Monday, October 20, 2014

"Dad?" Yeah, Dad. That Dad.

By the time you chose your career path, you already had many favorite writers among whom to chose.  Some of these were still alive, turning out, as writers do, the occasional short story or essay in addition to a new novel.  

Some of these writers were individuals you wanted to keep up with, in order to read their new work.  The thought never occurred to you to engage in outright competition, much less think you were then or were going to become better than they.

Even when Philip Roth published his stunning breakout work, the novella Goodbye Columbus, which was published with three of his shorter stories, the effect on you was a serious bout of envy.  You were of about an age, which was bad enough; he had ever so much more of a grip on narrative voice and ways of converting concepts into characters.  

Your funk lasted about a month, during which you did a good deal of what you thought F. Scott Fitzgerald would have approved of, which is drinking great quantities of gin and vodka.  When that got you nowhere other than financially depleted and grouchy from hangovers, you got back to the only things you could think of in your attempts to catch up with Roth.

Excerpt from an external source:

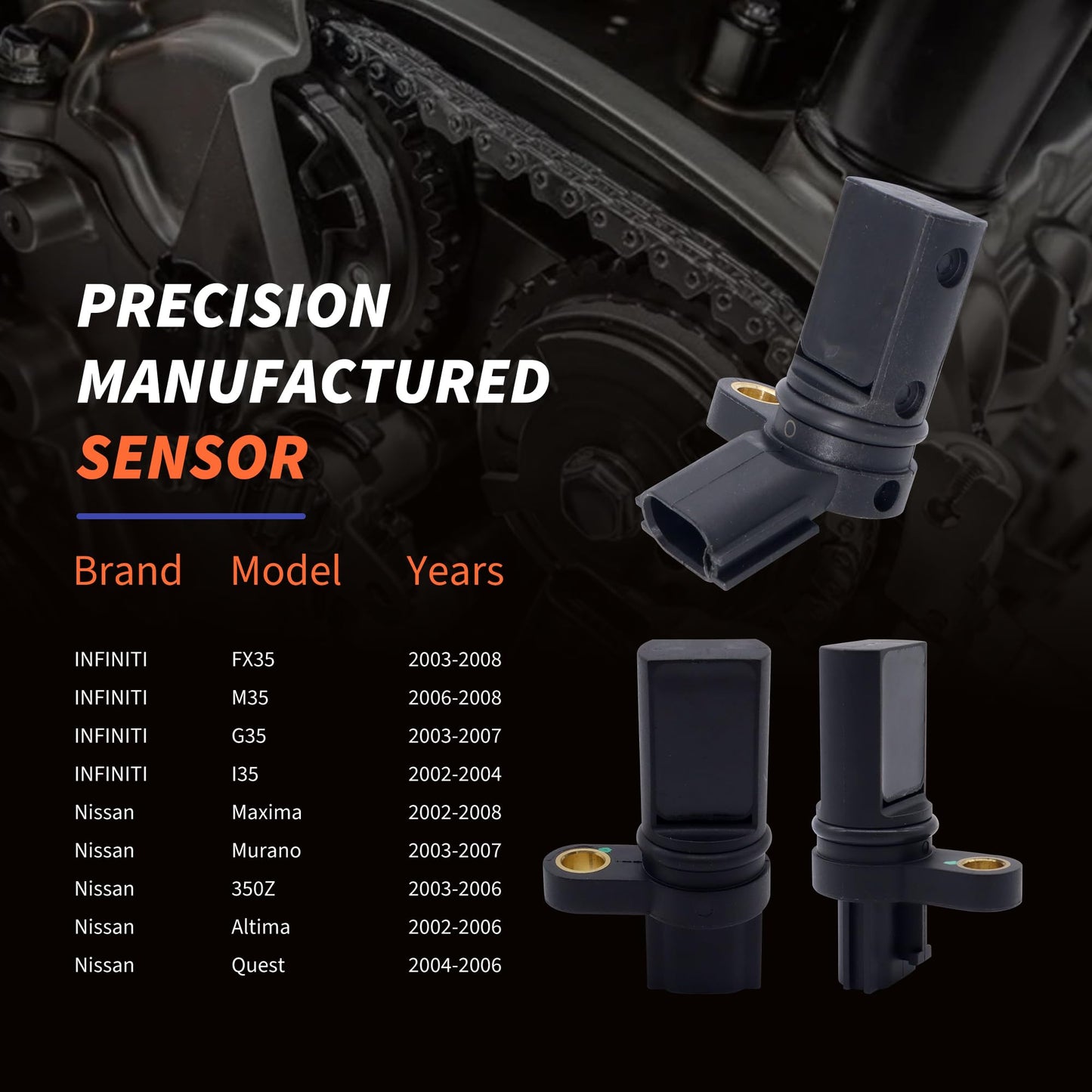 HiSport Camshaft Crankshaft Position Sensor 907-716 917-707 917-704 - Compatible with INFINITI FX35 M35 G35 I35 | Nissan Maxima Murano 350Z Altima Quest 2002-2008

It was your good fortune rather than your good sense that arrived to get you out of that problematic stage.  By increasing your attack on reading and writing, you were so distracted from your supposed competition that he'd managed to produce two or three more books you hadn't the time to read because you were too busy trying to keep up with yourself.  

Your good fortune was the ultimate reading of his latest books and recognizing he was no longer someone you should compete with, rather someone you should read with scrupulous care to see how he arrived at such a compelling narrative voice that he could win you over to believing the things his characters said and felt.

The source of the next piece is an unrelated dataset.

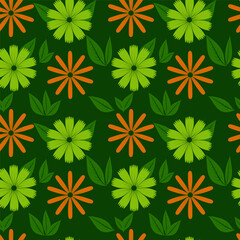 A set of seamless backgrounds with doodle flowers, 1000x1000, vector graphics.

Many emerging writers of your time were aware of the influences of Ernest Hemingway and T.S. Eliot.  Again, fortune served you well. You didn't "get" Eliot for some time to come. You'd already set out to read the entire Hemingway works, looking for themes, trying to develop a vision similar to his elliptical approach where he led you right up to the edge of where he wanted you to feel, then pushed you right in after his characters.  "Oh, you mean subtext," am instructor you greatly admired said of your discussions of Hemingway.  

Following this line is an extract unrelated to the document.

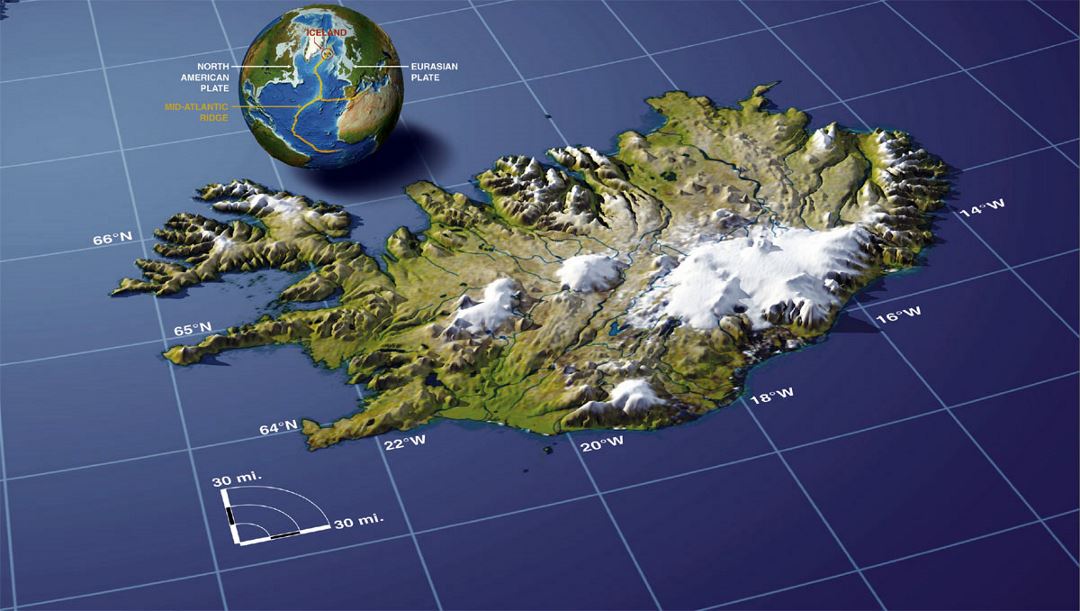 Mapa panorámico detallado de Islandia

Since this instructor was being published by Knopf and his short pieces were appearing in The New Yorker,  you allowed yourself to be led away from Hemingway after one last fling at his most recent work, The Old Man and the Sea.  Given your attendance at a campus of the University of California with a large, visible C marker on one of the nearby hills, you undertook your prank with a piece called The Old Man and the C.

It did not occur to you that a classmate of yours was who he was until he told you one afternoon, "Dad liked your piece."

"Dad?"

"Yeah.  Dad.  We got back on speaking terms, which means I send him letters and he answers them, so I sent him your piece and he said it was pretty good stuff."  Once again you were made aware of how, for all your reading and attempts to acquire sophistication, naivete stalked you with a particular vengeance.  Your classmate's name was Hemingway.  You knew that well enough, but there was no further connection until.  Until.

During those times, you were still propelled by the enthusiasm of  being youngest.  Once again, accident and good fortune spared you from being completely insufferable.  You also have occasion to use the word "callow" when you communicate with some old friends from those days, of course using the term in reference to yourself.

The good fortune got you into the accident whereby you became pretty good at being an editor without having to go to New York or Boston, the major places one went to to take on this craft.  By the time you'd got to New York, you'd earned the necessary craft to have dropped a few pounds of callow and picked up a few of such things as empathy, respect, and a significant sense that the things you thought were things one could do alone.

And there's the message, isn't it?  Any craft has to be learned, practiced, investigated, accommodated.  You're aware of particular editing skills and skills in your composition.  Because you're aware of them, you don't get to walk away without thinking about them.  Everything has to be honed.  Everything has a specific time before you can rely on it, use it as a tool instead of admiring it in someone else.

The list of writers you're crazy about has grown in exponential units over the years, dedicated men and women who have earned their way to the point where they can use their craft as muscle memory.

The more of these you read, the more you're aware of this:  Every time you're assigned a project to edit, every time you start a new book or story or essay, it's as though you're having to start fresh, because this one, whether your own writing or your editing of someone else's writing is fresh and new, isn't it, and to keep up, you have to be fresh and new as well.